Geistige Freundschaft ist niemals selbsüchtig oder monopolisierend. Wahres Glück bringt eine umfassendere und wohlwollendere Einstellung hervor sowie den Wunsch, die im Geiste gefundenen Segnungen mit allen zu teilen. Mrs. Eddy schreibt in ihrem Buch „Wissenschaft und Gesundheit“ (S. 57): „Glück ist geistig, aus Wahrheit und Liebe geboren. Es ist selbstlos; daher kann es nicht allein bestehen, sondern verlangt, daß die ganze Menschheit es teile.“ Dieses Ziel wird von allen erreicht, die die geistige Bedeutung der Freundschaft suchen, denn keine Freuden sind größer als die Freuden des Geistes.
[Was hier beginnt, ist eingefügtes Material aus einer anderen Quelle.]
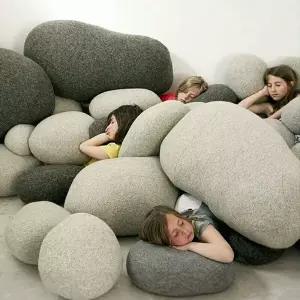 조약돌 쿠션 돌모양 쇼파 그레이 모양 대형 원형 인형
Jahre vergehen unbemerkt, wenn wahre Freunde sich trennen und wieder treffen. Der Weg mag lang und steil sein und der Wind kalt, doch diese Wechselfälle bringen keinen Wandel hervor. In der menschlichen Erfahrung ist keine treuere Freundschaft zu finden als diejenige, die sich auf die geistigen Werte gründet, wie sie in der Bibel und dem Lehrbuch der Christlichen Wissenschaft offenbart werden — selber Freunde, die den unschätzbaren Wert geistiger Freundschaft veranschaulichen.